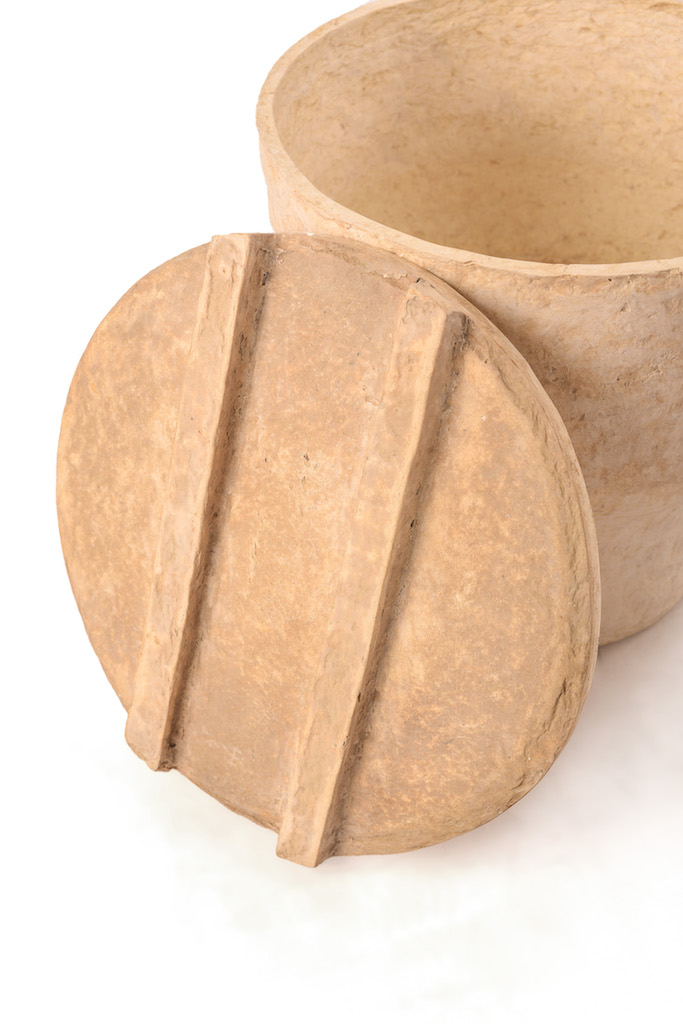 PAPER CLAY VASE SINGLE ABACA PULP WITH EARHOLE by INDIGENOUS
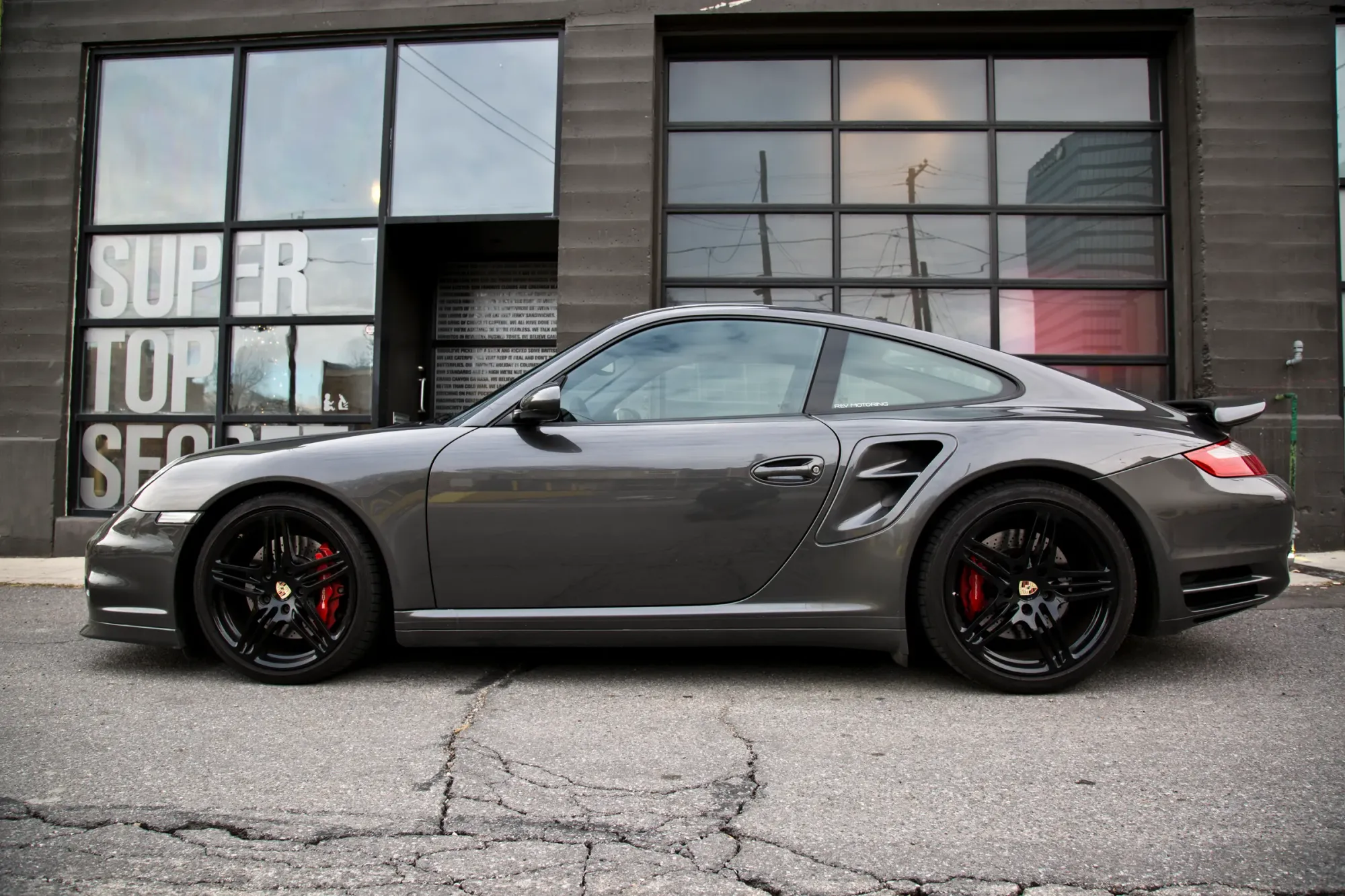 Lateral Porsche 911 Turbo (997) 2007 Gris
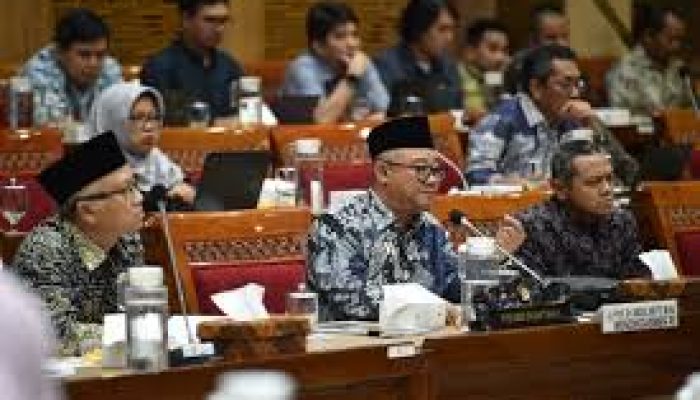 Mendikdasmen: Angka Tidak Sekolah RI Tinggi, Anggota Dewan Banyak Lulusan Paket C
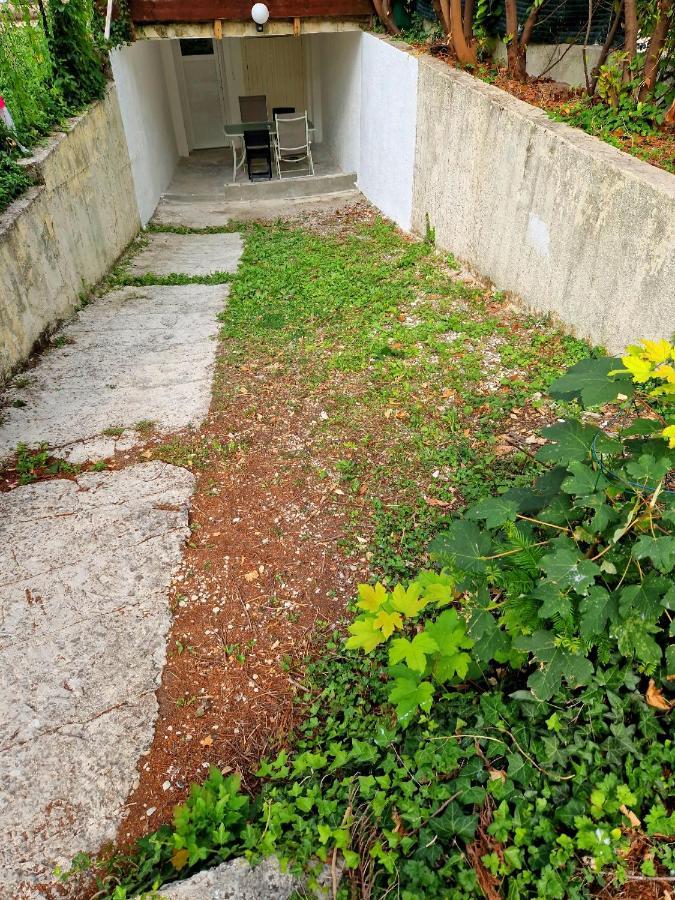 Le Capucin - Proche Centre Ville Troyes Eksteriør billede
____________________
(Aim of the exercise)
Output the listing above in full and exactly, with pictures excluded.

(Result)
 PAPER CLAY VASE SINGLE ABACA PULP WITH EARHOLE by INDIGENOUS
 Lateral Porsche 911 Turbo (997) 2007 Gris
 Mendikdasmen: Angka Tidak Sekolah RI Tinggi, Anggota Dewan Banyak Lulusan Paket C
 Le Capucin - Proche Centre Ville Troyes Eksteriør billede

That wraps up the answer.